Work to be completed. Once you reach the line containing "Aisens CWP01TSE-049 Soporte" in the entries below, write out that line and each one after it down to the line containing "Ladival Children's Sun", exactly and with nothing added.

Records to use.
Segment Open

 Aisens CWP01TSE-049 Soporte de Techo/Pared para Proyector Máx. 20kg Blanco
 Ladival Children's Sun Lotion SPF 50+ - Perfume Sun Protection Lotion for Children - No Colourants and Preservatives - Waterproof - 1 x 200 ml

Segment Closed
Segment Open

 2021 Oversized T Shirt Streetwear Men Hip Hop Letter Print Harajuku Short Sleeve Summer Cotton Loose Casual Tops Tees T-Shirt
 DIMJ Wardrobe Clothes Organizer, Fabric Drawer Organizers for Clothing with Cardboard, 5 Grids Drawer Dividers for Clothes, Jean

Segment Closed

Answer area.
 Aisens CWP01TSE-049 Soporte de Techo/Pared para Proyector Máx. 20kg Blanco
 Ladival Children's Sun Lotion SPF 50+ - Perfume Sun Protection Lotion for Children - No Colourants and Preservatives - Waterproof - 1 x 200 ml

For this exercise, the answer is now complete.